+++ AVAILABLE RECORDS

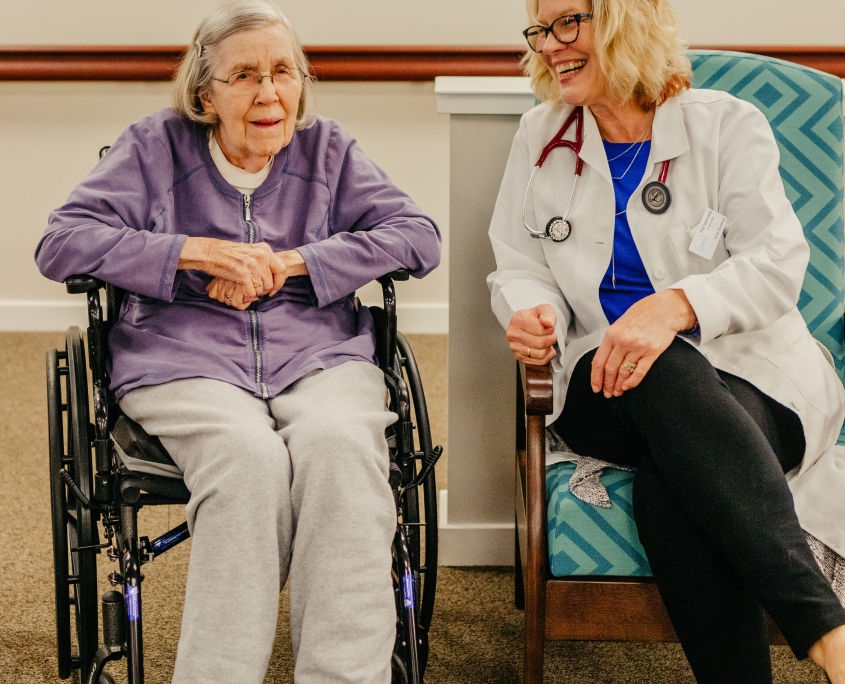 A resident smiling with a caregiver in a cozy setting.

++++++
+++ AVAILABLE RECORDS

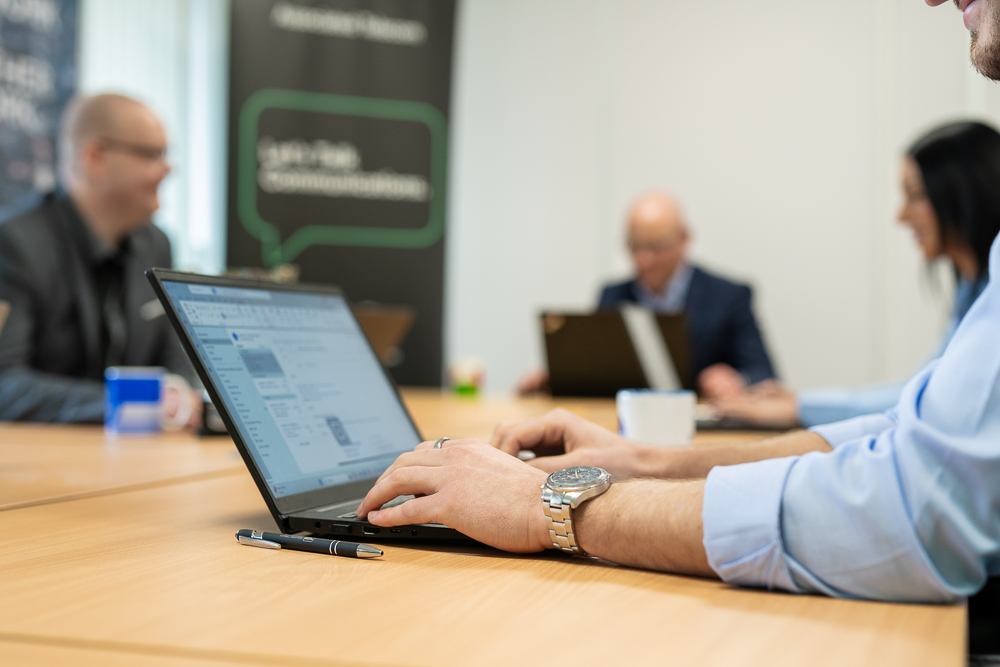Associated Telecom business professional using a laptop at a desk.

++++++
+++ AVAILABLE RECORDS

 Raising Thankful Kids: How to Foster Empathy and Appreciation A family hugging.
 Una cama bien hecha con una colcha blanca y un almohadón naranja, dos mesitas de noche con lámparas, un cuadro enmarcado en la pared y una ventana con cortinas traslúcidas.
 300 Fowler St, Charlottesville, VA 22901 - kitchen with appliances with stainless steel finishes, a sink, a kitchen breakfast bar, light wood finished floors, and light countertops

++++++

Output the lines above between the one holding "Raising Thankful Kids: How" and the one holding "300 Fowler St, Charlottesville, VA", inclusive, with nothing before or after them.

 Raising Thankful Kids: How to Foster Empathy and Appreciation A family hugging.
 Una cama bien hecha con una colcha blanca y un almohadón naranja, dos mesitas de noche con lámparas, un cuadro enmarcado en la pared y una ventana con cortinas traslúcidas.
 300 Fowler St, Charlottesville, VA 22901 - kitchen with appliances with stainless steel finishes, a sink, a kitchen breakfast bar, light wood finished floors, and light countertops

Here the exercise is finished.